Listelediğimiz başlıkların her biri, üniversitelerde ilgili fakülte ve bölümler başlığı altında uzmanlık gerektiren düzeyde tasnif edilmiş. Her bir alanda uzmanlaşmak için ciddi çalışmalar yapılması gerekiyor. İlgili alanlarda uzmanlığı olmazsa bile entelektüel düzeyde vukûfiyet gerektiren alanlar var ki, bu alanlarda konuşmak daha özel bir birikim ve emek gerektirir. Batılılaşma, Batı ile ilişkiler, kültür hayatı, eğitim ve bilginin eşit olarak tabana yayılması, haklar, etnisite, etnik aidiyetler(...) başlıklarını konuşmak için gazetecilik malumatı ve belli alan uzmanlığı yetersiz kalır. Avrupa Birliği alanında uzmanlık düzeyinde çalışan biri ile Türkiye'nin BATI ile ilişkilerini tartıştığınızda kabul edilebilir bir sonuca ulaşamazsınız.

Her bir insanın fikir sahibi olduğu DİN olgusu da tartışmaya konu edildiğinde garip sonuçlarla karşılaşmak kaçınılmazdır; çünkü bir cemaate mensup DİN-DAR'ın din anlayışı ile İslam İlimlerinin kitabi disiplini ile yetişmiş birinin DİN anlayışı bu kavramı anlama bakımından farklıdır. Laik olma iddiasındaki bir başka kişinin din anlayışı da zikredilen iki bireyin din anlayışından daha farklıdır. Kimi laikçi bireye göre ibadet Türkçe yapılmalı, cemaat mensubuna göre bu anlayış küfre tekabül ederken kitabi dindara göre ‘olabilir’ mesabesindedir. Bu tartışmada Selefi ve diğer din yorumlarına tabi insanların anlayışlarını tartışmaya gerek bile yoktur.

Yaşadığımız çağ üretimleri, algısı, insan ilişkileri ve aidiyetleri bakımından hakikatlerden kopuk bir çağ. Bilginin yerini malumat aldı ve internet çağında malumatın kabul edilebilirliği bile dakikalarla sınırlı. Malumatın dahi değersizleştiği bir çağda insan neye tutunacak ve ne ile nasıl yaşayacak? Doğrusu soru sormaya korktuğumuz bir vakitteyiz.
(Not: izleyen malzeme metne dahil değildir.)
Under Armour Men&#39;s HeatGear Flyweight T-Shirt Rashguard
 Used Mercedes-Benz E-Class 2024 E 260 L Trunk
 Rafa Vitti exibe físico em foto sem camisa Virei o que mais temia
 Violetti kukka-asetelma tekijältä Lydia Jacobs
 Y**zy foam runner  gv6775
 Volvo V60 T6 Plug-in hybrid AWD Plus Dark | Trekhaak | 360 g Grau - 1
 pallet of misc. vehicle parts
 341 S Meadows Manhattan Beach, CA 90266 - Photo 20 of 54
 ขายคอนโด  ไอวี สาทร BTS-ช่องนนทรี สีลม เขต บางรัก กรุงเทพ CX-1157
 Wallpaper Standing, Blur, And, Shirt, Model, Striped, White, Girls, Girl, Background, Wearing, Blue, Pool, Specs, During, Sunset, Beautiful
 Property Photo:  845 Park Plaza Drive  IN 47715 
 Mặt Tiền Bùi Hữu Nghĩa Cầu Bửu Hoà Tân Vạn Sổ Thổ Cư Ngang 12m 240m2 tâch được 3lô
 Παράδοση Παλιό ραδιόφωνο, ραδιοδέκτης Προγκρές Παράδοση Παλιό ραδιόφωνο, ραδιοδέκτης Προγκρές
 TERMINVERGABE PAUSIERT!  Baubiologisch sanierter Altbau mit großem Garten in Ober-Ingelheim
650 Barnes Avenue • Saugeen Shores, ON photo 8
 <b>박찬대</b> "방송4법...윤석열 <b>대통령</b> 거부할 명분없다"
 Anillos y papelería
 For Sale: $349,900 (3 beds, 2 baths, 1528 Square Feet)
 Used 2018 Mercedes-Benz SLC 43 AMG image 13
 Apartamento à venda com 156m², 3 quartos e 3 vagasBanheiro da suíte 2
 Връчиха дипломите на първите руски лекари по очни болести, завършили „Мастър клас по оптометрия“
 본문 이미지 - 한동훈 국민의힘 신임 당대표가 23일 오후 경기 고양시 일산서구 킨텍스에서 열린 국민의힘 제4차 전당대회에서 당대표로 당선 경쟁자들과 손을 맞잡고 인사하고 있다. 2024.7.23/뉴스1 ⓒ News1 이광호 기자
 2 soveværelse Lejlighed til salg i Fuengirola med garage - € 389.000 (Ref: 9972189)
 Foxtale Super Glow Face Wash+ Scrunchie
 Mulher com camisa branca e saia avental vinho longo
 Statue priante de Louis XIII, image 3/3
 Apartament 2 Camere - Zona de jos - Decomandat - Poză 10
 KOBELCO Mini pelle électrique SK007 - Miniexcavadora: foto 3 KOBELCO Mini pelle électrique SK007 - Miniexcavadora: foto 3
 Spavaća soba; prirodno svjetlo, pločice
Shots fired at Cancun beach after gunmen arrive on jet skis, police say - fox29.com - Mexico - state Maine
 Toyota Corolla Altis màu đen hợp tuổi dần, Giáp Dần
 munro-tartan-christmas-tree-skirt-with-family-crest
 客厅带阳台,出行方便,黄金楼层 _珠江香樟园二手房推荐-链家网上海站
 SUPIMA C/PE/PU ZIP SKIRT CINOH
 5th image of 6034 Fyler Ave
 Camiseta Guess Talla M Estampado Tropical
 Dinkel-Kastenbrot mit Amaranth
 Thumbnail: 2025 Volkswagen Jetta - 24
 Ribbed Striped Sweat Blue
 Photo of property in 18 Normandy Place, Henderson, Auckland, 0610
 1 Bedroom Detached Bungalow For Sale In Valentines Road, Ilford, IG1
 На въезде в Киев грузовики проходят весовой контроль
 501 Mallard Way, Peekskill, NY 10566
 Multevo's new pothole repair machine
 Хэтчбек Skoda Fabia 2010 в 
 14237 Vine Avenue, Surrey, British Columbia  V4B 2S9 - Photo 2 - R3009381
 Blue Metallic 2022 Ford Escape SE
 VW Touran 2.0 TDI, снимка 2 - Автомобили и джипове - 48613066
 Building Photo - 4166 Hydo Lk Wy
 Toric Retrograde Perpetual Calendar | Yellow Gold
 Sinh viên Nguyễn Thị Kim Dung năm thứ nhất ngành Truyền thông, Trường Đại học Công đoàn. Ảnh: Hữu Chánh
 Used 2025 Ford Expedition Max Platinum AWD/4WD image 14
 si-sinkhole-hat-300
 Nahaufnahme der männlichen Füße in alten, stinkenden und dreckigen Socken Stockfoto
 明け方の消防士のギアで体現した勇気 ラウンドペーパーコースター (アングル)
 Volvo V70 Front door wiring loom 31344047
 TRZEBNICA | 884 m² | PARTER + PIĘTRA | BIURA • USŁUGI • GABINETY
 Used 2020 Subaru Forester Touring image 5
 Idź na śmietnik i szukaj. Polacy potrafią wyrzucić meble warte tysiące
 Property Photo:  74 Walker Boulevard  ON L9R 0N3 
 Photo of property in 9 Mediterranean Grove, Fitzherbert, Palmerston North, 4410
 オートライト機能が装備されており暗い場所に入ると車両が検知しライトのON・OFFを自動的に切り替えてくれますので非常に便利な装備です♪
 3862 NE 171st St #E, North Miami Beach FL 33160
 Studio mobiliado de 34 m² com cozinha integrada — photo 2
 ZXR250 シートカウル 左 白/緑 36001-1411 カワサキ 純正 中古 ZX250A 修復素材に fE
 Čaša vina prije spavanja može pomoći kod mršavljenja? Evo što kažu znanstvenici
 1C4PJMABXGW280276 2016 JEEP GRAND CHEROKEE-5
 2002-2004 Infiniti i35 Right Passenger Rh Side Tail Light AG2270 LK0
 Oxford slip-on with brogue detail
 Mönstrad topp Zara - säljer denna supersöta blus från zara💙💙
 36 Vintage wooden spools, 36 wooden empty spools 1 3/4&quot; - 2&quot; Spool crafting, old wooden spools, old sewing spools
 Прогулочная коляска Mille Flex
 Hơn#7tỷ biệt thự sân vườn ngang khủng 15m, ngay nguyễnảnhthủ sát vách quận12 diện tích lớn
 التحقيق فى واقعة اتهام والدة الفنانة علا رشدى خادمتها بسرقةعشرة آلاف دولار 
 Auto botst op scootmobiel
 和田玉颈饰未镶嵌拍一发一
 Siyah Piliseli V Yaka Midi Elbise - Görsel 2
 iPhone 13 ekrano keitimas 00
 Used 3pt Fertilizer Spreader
Kavram ve kelimelerin anlamlarından koparılarak karışık kullanıldığı ve hangisinin, ne zaman, hangi anlamda kullanıldığının idrak edilemediği niteliksiz klavye silahşorlarının egemen olduğu bir ortamda yaşıyoruz. İngilizcede kullanılan “information, knowledge, communication” [communication: iletişim, haberleşme, bağlantı, irtibat, ulaşım, kominikasyon; information: bilgi, enformasyon, danışma, haber, bilgi edinme, istihbarat; knowledge: bilgi, bilim, tecrübe, malumat, irfan, haber] terimleri aynı anlamda kullanılarak malumatfuruşluk yapılmakta ve veri akışı kirletilmektedir.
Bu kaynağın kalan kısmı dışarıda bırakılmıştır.